Because test points are the basic unit of lab production, comparing dollars per test point is the core indicator of cost in a lab. Using this comparison, decision makers can determine, for example, how much it costs to run a test or how much it costs to find a defect.
Efficiency
Efficiency explains how well a lab does the work. If a lab can do 100 tests in a day, but only 50 come out correctly, then its efficiency metric would be quite low.
Efficiency is measured using “on-condition,” which means that a test was successfully executed according to the checklist and setup procedures determined by the system engineers and that it does not need to be repeated. This metric calculates the percentage of tests executed correctly – not whether the software being tested passed or failed the test – and is determined by dividing test points on condition by total test points attempted.
Lab capacity and efficiency are tightly linked and are often measured together to provide a clear understanding of their combined effect. Baselines derived from this combination gives decision makers information such as how a given action would change a lab’s throughput, how a different action would affect a lab’s cost per hour or cost per defect and how yet another action would impact a lab’s efficiency or capacity.
Effectiveness
Effectiveness describes how well a lab can discover errors. If a software testing lab’s primary purpose is to find defects or certify code, a measure of effectiveness could be the number of test points to defects, calculated by defect found divided by test points attempted. This measurement of a lab’s testing procedure shows how many tests must be run before a lab starts finding errors in the testing procedure. The accuracy of this metric depends on several issues, including the quality of the code.
Capability
Capability factors in the skill set of a lab’s workforce and the functionality of its equipment. This metric is used to compare how well each lab can test specific areas of the software and is the function of three factors:
- Knowledge considers the expertise in the product, function and technology areas.
- Competency assesses work behaviors and skills required to perform the work.
- Capacity measures the availability and readiness of a lab’s human and infrastructure resources.
Because capability is also directly affected by a lab’s equipment, this composition must be analyzed in any lab-to-lab comparison.
Capability also plays a major role in overall management decisions because it has an implicit effect on the other three metrics. Therefore, its impact on each must be understood before making changes to the workforce's size, experience or skill set.

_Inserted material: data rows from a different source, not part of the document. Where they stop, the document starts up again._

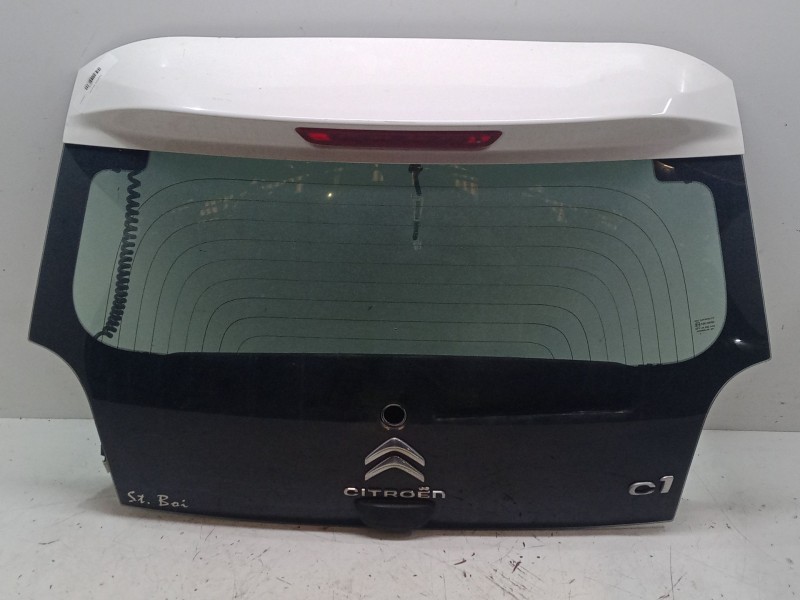 Recambio de porton trasero para citroën c1 ii (pa_, ps_) 1.2 vti 82 referencia OEM IAM   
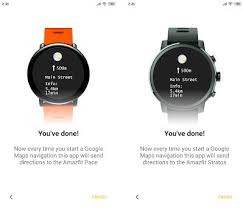 The apk is an android application which you can install and has almost no limitations. Navegador Para Amazfit Gts Gtr Pace Y Otros Apk Descargar Para Windows La Ultima Version 1 0
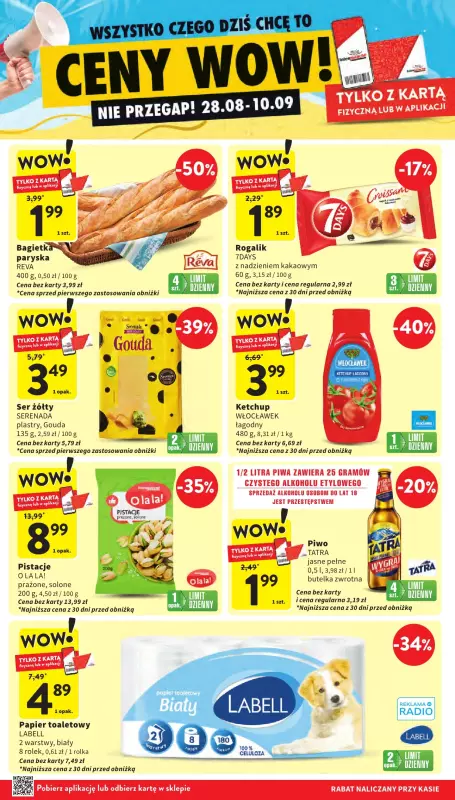 Intermarche - gazetka promocyjna Gazetka od czwartku 04.09 do środy 10.09 - strona 8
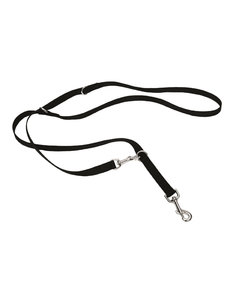 Coastal Pet Products Coastal Multi-Function Dog Leash 3/4" x 6' Black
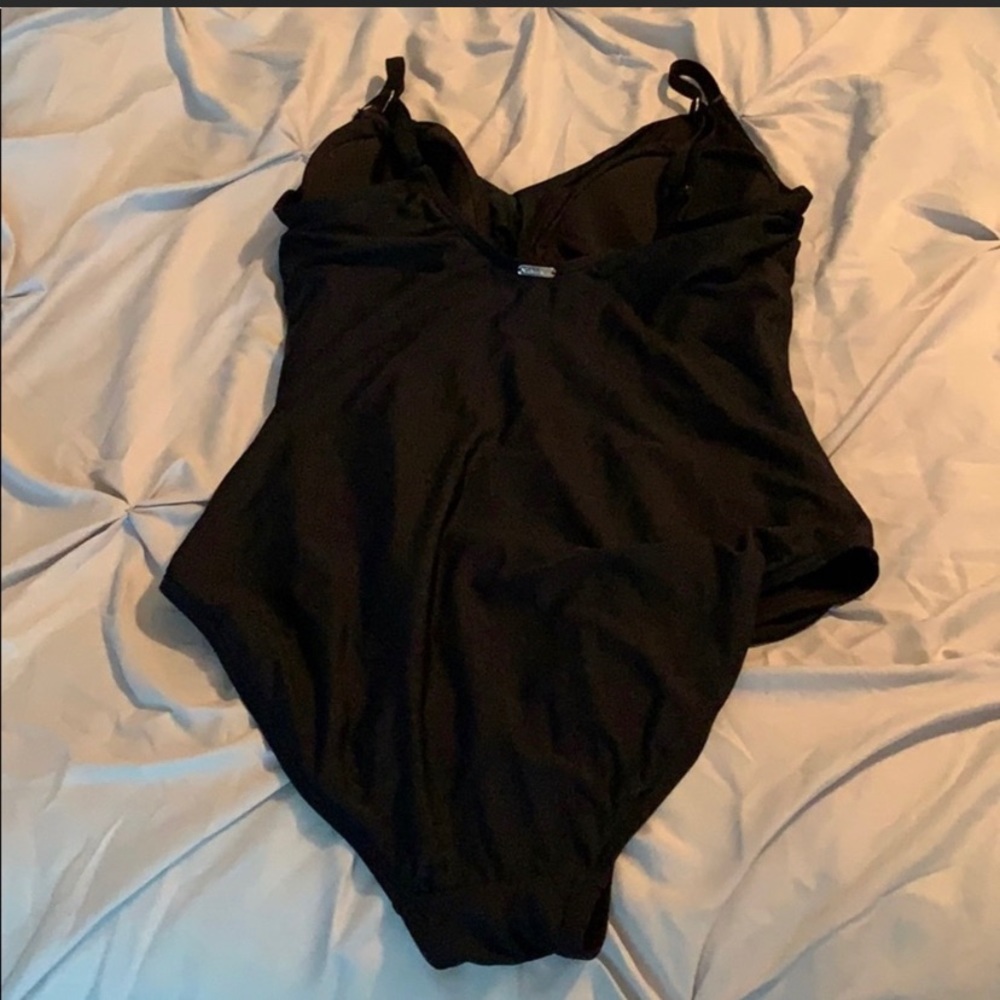 CK twist front bikini! Worn once!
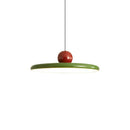 Nordic Cream Style Flying Saucer Pendant Light for Home Interior Decor 20/30cm by Ljojo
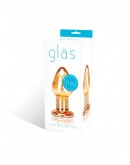 Stiklas – per Easy Glass Butt Plug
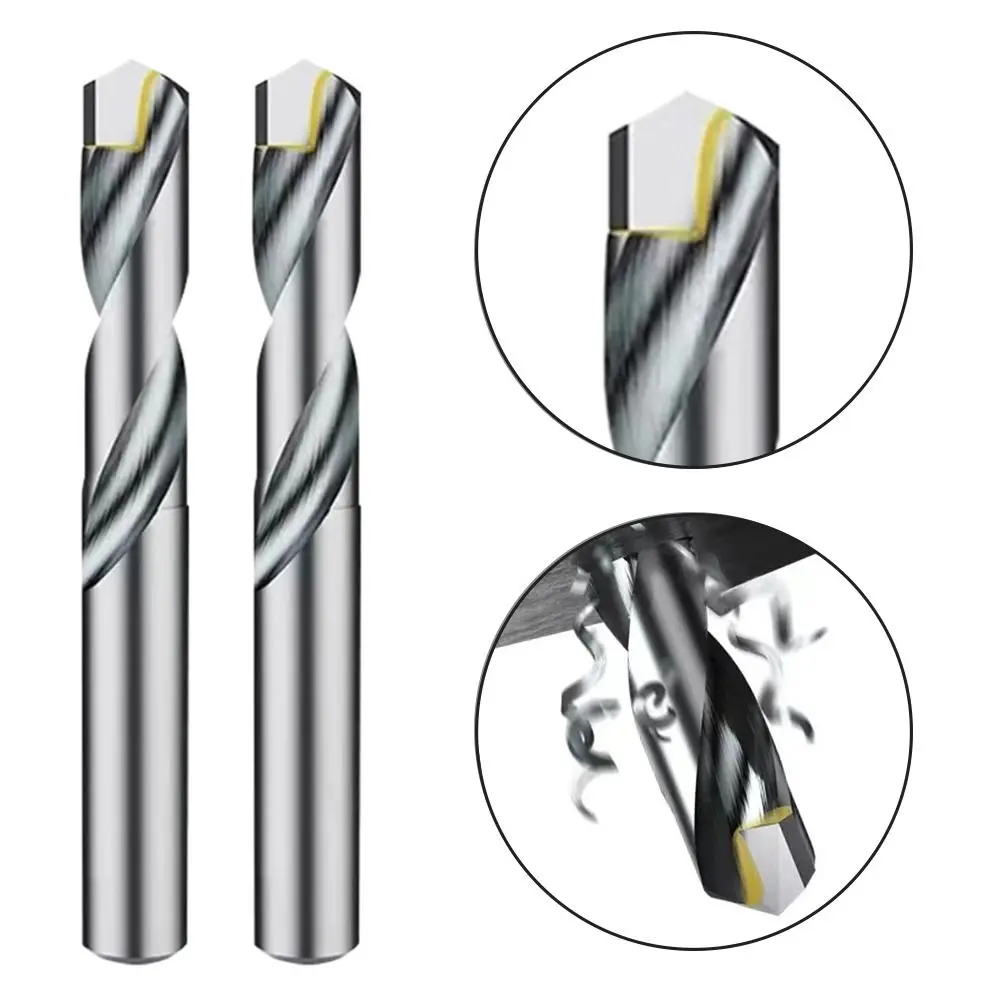 Solid Tungsten Carbide Drill Bits For CNC Carbide Twist Drill Bits Metalworking Bit Carbide Milling Cutter Carbide Drill Bits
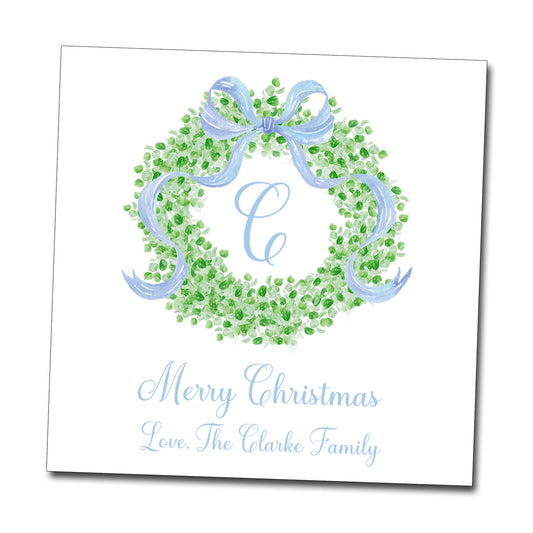 Gift Tags & Stickers - Wreath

Together, these metrics give government leaders the information they need to develop a baseline of current operations and put context around the decisions they make. With this baseline, they can know the effect of making small changes, such as how adding capacity will affect a lab’s costs, how reducing costs will change the lab’s capability and efficiency, and how hiring employees with different skill sets will change the on-condition efficiency. They also will be able to answer questions about whether labs are effective, whether they have talent or skill deficiencies, and whether significant changes need to be made to improve overall software testing. And, perhaps most importantly, they will know whether their throughput and quality meet the demands of their individual agencies and programs.
Finally, these metrics will cut through the confusion leaders now feel and give them the concrete measures they need for making decisions, not just on technical performance and operations, but also on fiscal performance. As the government’s capabilities in developing software mature, these metrics will become even more vital to the agencies’ overall efforts to drive efficiencies and savings in their programs.